Sempre ensinamos sobre o Modelo do Iceberg baseado na TCC – aquilo que penso define o que sinto, que define como ajo, que me leva ou contribui com os resultados.

 

Só que o que pensamos e sentimos é muitas vezes desconhecido até pra nós mesmos, o que nos conduz a comportamentos que muitas vezes nos arrependemos e outras tantas não nos levam aos objetivos que desejamos. É aí que mora um dos maiores perigos da falta de conhecimento... se não entendo o que acontece comigo, como posso me autogerenciar para ‘funcionar’ a meu favor?

 

Tenho assistido uma série que se chama Suits. Um universo jurídico, com jogos de interesse e egos em plena Manhattan. E o ser humano e suas lutas internas são bem abordados e retratados nessa série...

 

Recentemente assisti um episódio em que um dos Sócios principais (Harvey Specter) entra num caso contra um advogado mau-caráter (Travis Tanner), que já o tinha derrotado em casos anteriores por adotar meios questionáveis.

 

Nesse novo caso, Travis afirma que sua cliente sofreu assédio pelo cliente de Harvey e Harvey não acredita e adota toda sua estratégia de atuação sobre essa crença, partindo para um litígio muito arriscado ao invés de aceitar um acordo.

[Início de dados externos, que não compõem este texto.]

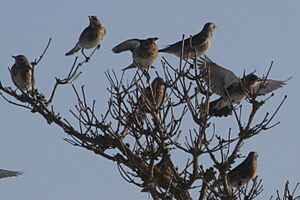 Fieldfare flock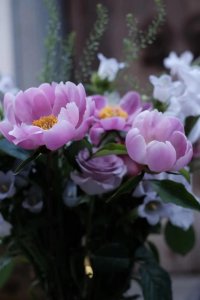 ​芍药不嫌春欲老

Além disso, como sente muita raiva de Travis, fica nítido ao longo do episódio que suas ações e decisões não estão condizentes com o discernimento e condutas que normalmente tem – o que é notado por seu principal Associado, Mike Ross.

 

Mike tenta conversar com Harvey sobre as verdadeiras motivações por trás das estratégias adotadas e convencê-lo de aceitar um acordo, mas Harvey parece cego e continua focado. E a trama segue nessa linha até que Mike encontra uma forma de tirar Travis do litígio, o qual é substituído por uma advogada que Harvey conhece e confia. No exato momento que Mike informa sobre essa substituição para Harvey, ele cai em si sobre suas motivações e decide por aceitar o acordo que havia sido proposto.

 

Ok, estamos falando de uma obra fictícia. Mas essa é uma cena que poderia ter acontecido com qualquer pessoa real – a falta de conhecimento a respeito de si próprio e as consequências que isso pode gerar. Nesse caso, a falta de clareza sobre a motivação interna teria resultado em péssimas decisões para o indivíduo (Harvey), para seu cliente e para seu próprio escritório. Ou seja, nenhum papo de abraçar árvore!

 

Aliás, essa mesma série mostra inúmeras situações como essa acontecendo o tempo todo – pessoas agindo por raiva e depois se arrependendo; pessoas agindo de má-fé porque sentem que não têm escolha, vitimizações, erros... e muitas consequências desastrosas decorrentes... e tudo isso em geral deixa claro que as pessoas não têm clareza a respeito de quem são, de seus valores, motivações, medos e etc.

 

Olhe ao seu redor hoje – onde trabalha, estuda, convive... será que essa dinâmica também retratada na série Suits não é a arte imitando a vida? Com certeza sim...

 

Ao trazer esses exemplos, quero que reflita nas seguintes conclusões:

  • Se não nos conhecemos, não sabemos o que temos a nosso favor...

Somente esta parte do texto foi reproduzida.